A group of 62 men has been arrested at a popular gay cruising area in downtown Cairo in a roundup by the police.

Police have arrested 62 men in Egypt from a well-known gay cruising area, according to an email sent to the Al-Fatiha Foundation, a US-based organisation for gay and questioning Muslims, by Maher Sabry.

In an email sent on 16 September, Sabry, a well known and celebrated Egyptian human rights activist, reported that the men who were arrested on 28 August and were "all charged individually with the habitual practice of debauchery (an euphemism for homosexuality) and given individual case-numbers - as opposed to the group charges levelled at the 'Cairo 52,' which treated them as a single case."

According to the arrestees, the police had two paddy wagons parked at both ends of the Qasr el-Nil bridge, which spans the Nile downtown.

The police started at the shore and worked towards the middle of the bridge questioning, checking identification and picking up those whom they found suspicious.

By the time they converged in the center of the bridge, they gradually herded the 62 men towards their respective waiting paddy wagons on each shore.

The arrestees also said that when they reached the wagons, the policemen shouted to the onlookers in Arabic, "Look at these khawalat! (a term for 'gay' and 'faggot'). The country's become full of khawalat!"

Sabry said that the men were then taken to Qasr el-Nile police station and were detained in jail for three days.
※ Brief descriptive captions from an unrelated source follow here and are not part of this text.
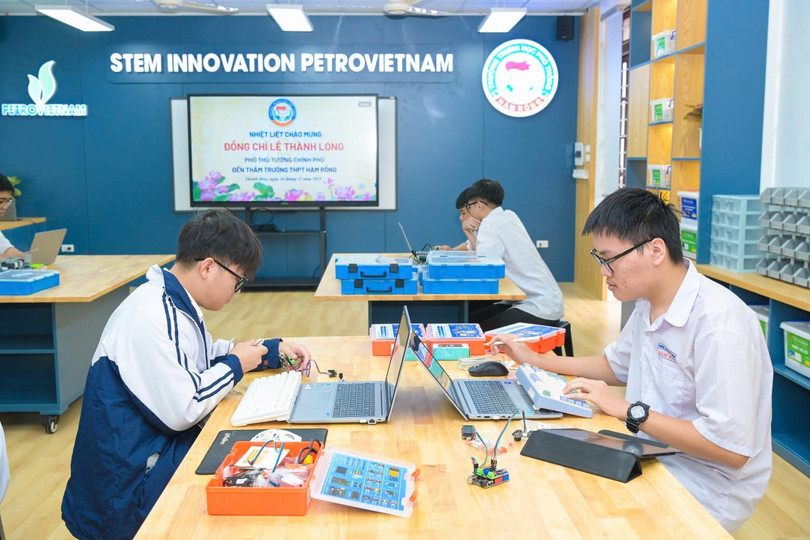 Mỗi phòng STEM được trang bị đồng bộ 6 khối chức năng gồm: cơ sở vật chất; máy móc gia công - thiết bị chuyên dụng; dụng cụ và thiết bị học tập theo chủ đề; học liệu kết nối thông minh; hệ thống học liệu bản cứng - bản mềm; cùng hệ thống sổ sách phục vụ công tác tổ chức, quản lý.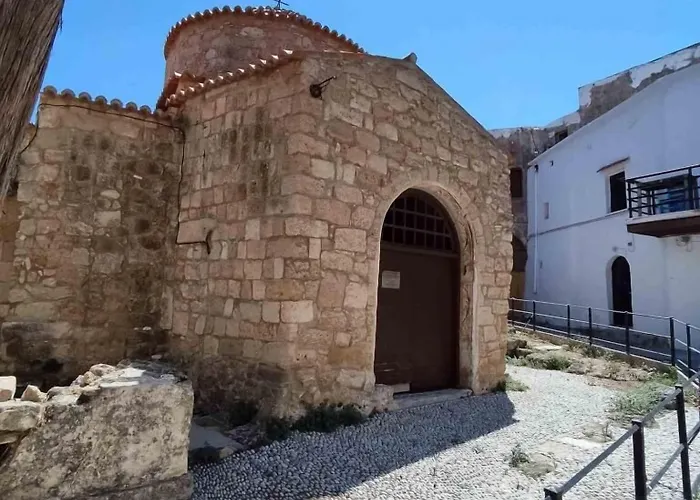 Rhodes Youth (adults Only) Hostel *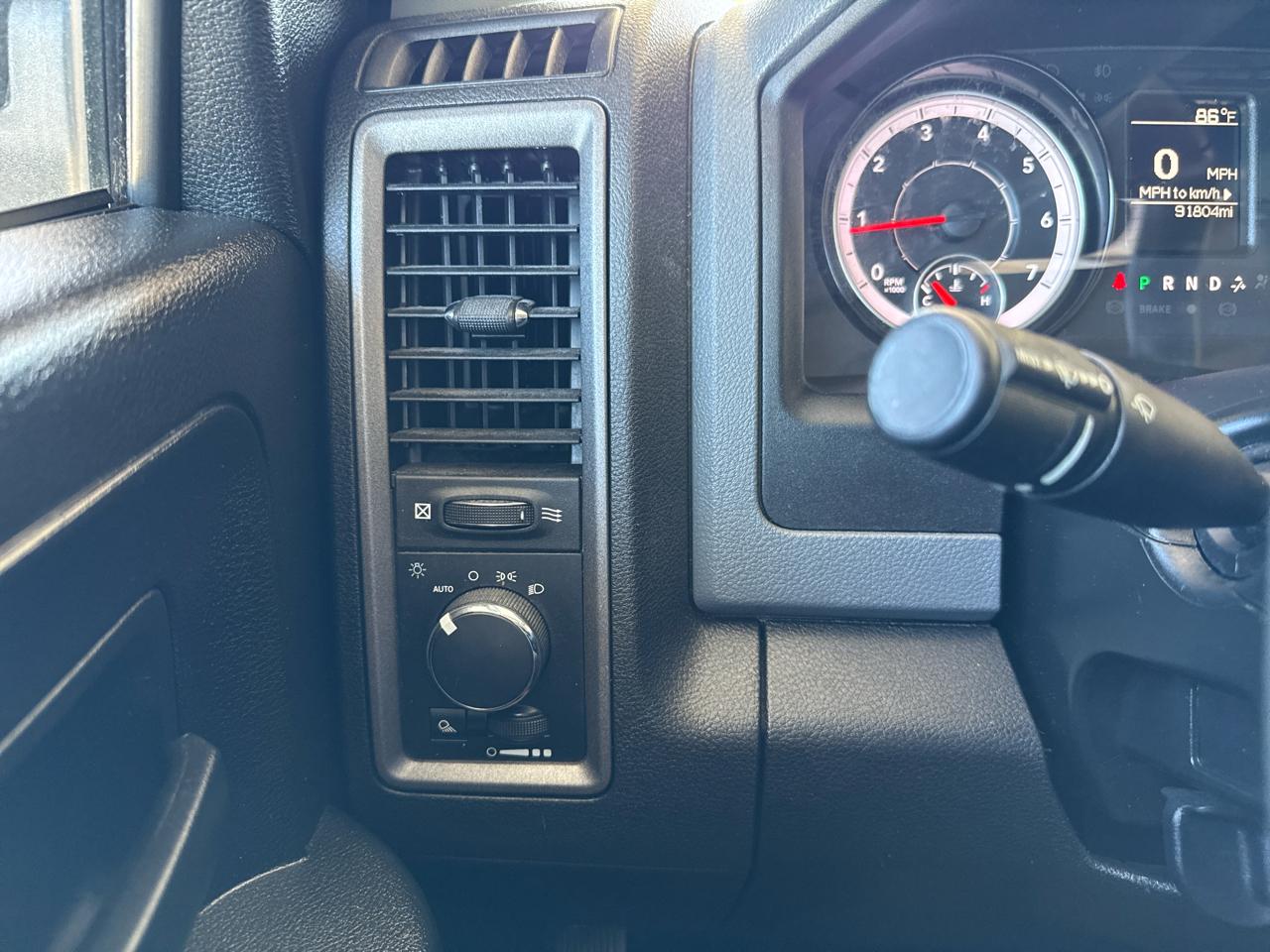 RAM 1500 Classic Tradesman Quad Cab 2WD 2020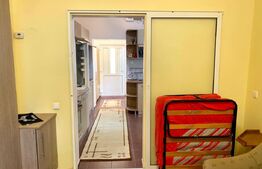 Garsoniera la casa cu curte, 40 mp, decomandata, zona 21 Decembrie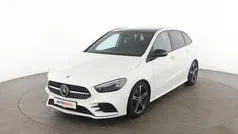 Weiß Gebraucht 2019 Mercedes B220 AMG line Van / Kleinbus | 26.350 € (Fairer Preis)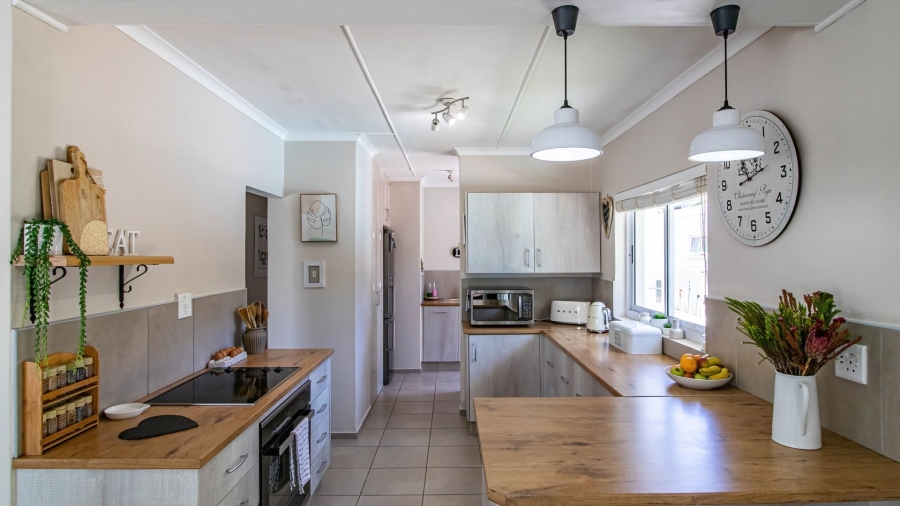 4 Bedroom Property for Sale in Beacon Bay Eastern Cape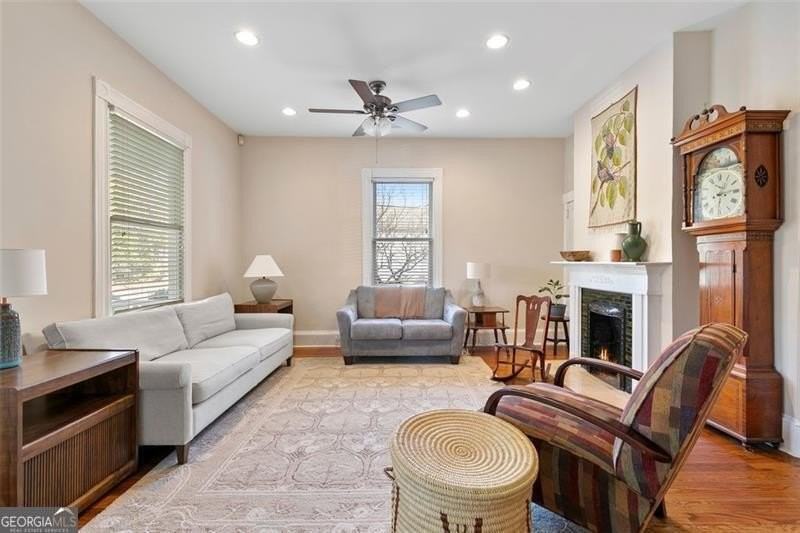 1092 Oak Street Southwest - Photo 5 of 24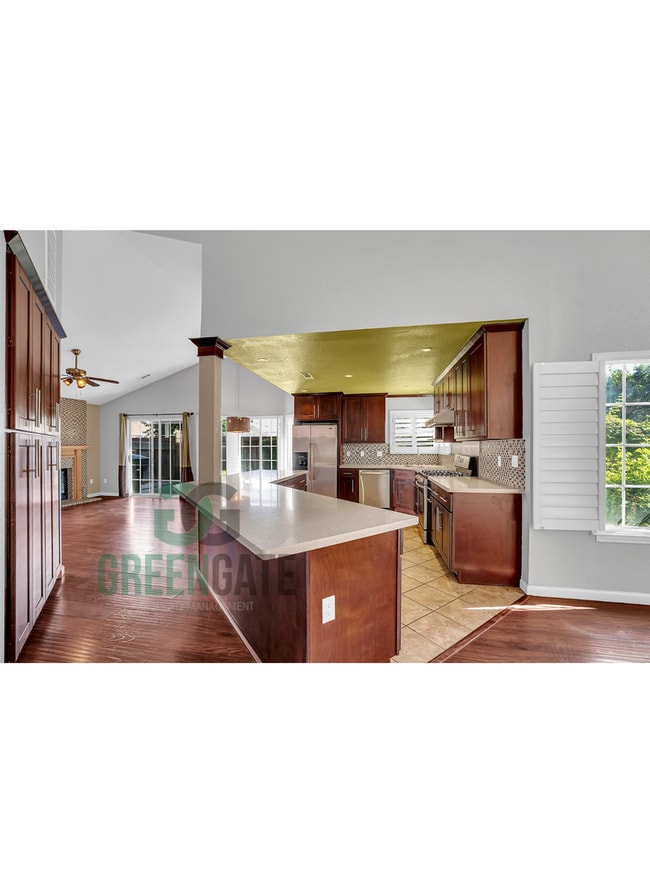 Building Photo - Lovely 3 Bedroom Home in Modesto MUST SEE!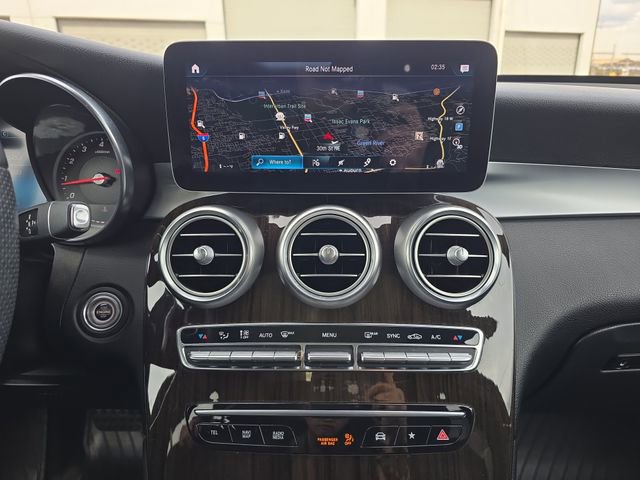 Used 2020 Mercedes-Benz GLC 300 4MATIC w/ AMG Line image 24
All the 62 men were "forced to sign confessions and then they were sent off to the prosecutor's office, which released them on the guarantee of their addresses."

The arrests were shrouded in secrecy and had no press coverage that Sabry knows of, in contrast to the international press coverage given to the so-called 'Cairo 52' case two years ago.

The hearings are scheduled in November or December.

Scott Long, a senior Middle East expert and gay issues researcher at the Human Rights Watch, said that the case is just the tip of the iceberg as the latest crackdown adds up to 14 cases where people have faced sentences and another 150 cases in which a verdict is still awaited, according to PlanetOut.com report.

He added that the latest arrests were not a new phenomenon but part of an established police witch hunt of marginalised LGBT people.

"There have been instances when police would just stroll and pick up gays, as many as 150 people in one go. Because of the international condemnation that followed the 'Queenboat 52' arrests two years back, it's now in the government interest to hush-up such arrests," Long said.